Yesterday, in its "Fracking Good News" article, the Economist magazine takes note of the cheaper energy and lower emissions made possible by shale gas.  See

The Economist notes that, while carbon emissions are falling in the US, coal is enjoying growth in Europe. Why? Unlike in the USA, European natural gas is expensive, and coal is much cheaper than gas. The Economist even states that emissions may begin rising in Europe as a result.

That would be truly extraordinary, since Europe is in a depression or recession, with massive economic contraction in large sections of it, and a rising risk that the Euro itself could dissolve.

Meanwhile in the USA, the economy has been growing since July 1, 2009, millions of jobs have been created, and unemployment has been falling. Moreover, US energy related carbon emissions will fall another 150 million tons in 2012.  Again thanks primarily to shale gas making natural gas cost competitive with coal in the USA.

Much is different across the Atlantic.  The Economist story is well worth reading.


  1. Hi John! I just discovered your blog today and am thrilled to find such a good source of information.

    I've just started researching the debate over fracking vs. coal, so your site is helpful. One question I have is if the recent numbers showing decreased US GHG emissions due to shale also includes analyses of methane released at wells. Or does it just compare CO2 produced by actual burning?
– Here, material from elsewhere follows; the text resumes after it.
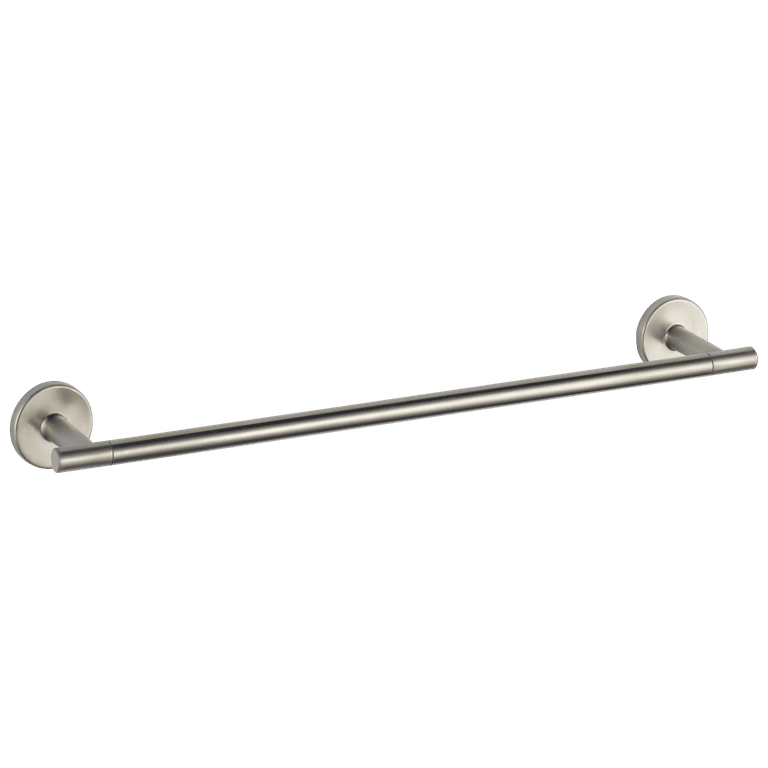 Delta trinsic hand towel bar sale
    This is all a lot of information to process but it seems like overall you're saying 1) anti-fracking people overestimate methane leakage, 2) fracking does have potential problems with the chemicals pumped into the earth but technology exists to mitigate this? and 3) better regulations and industry practices would make fracking an undeniably better alternative to coal.

    I've got to keep reading to understand it all better. Thanks so much for the effort you put into this blog!

    1. Ethan:
      Welcome to the blog. I would recommend reading the postings about Prof Howarth and the 5 studies debunking his April 2011 study on the issue of methane migration.

      With the possible exception of Pavillion Wyoming, fracking fluids have never returned from depth to contaminate water. Fracking was done in Pavillion within a few hundred feet of the aquifer, an irresponsible practice.
      Gas production is not in the top 10 causes of water pollution in PA.

  2. Concerned ScientistMay 31, 2012 at 8:04 AM

    Ethan, I'll take a shot at your questions:

    Shale gas is already vastly superior to coal from an environmental perspective. Not only does it emit fewer GHGs but it also emits a tiny fraction of the mercury,SO2 and particulate matter. This is especially true when comparing it to older coal plants which is what gas is mainly displacing. Fracking of shale gas reservoirs itself does not contaminate groundwater. If the chemicals spill on the surface this could cause a problem but that is rare. Better regulations will improve matters ever further but shale gas is already vastly superior. Coal is also much worse for water pollution than shale gas. See the archives of this blog for more.

    Methane leakage appears to be a pretty serious problem where companies are producing oil and natural gas is a by-product. When you see vapors coming out of a tank that is what is going on. This is where the greatest improvements can be made. In areas where dry gas is being produced with no oil or natural gas liquids this is much less of an issue. In these cases the whole point of the operation is to produce gas. But it could always be better. Fight for close regulation but don't fight shale gas. It's the best environmental news we've had in many years.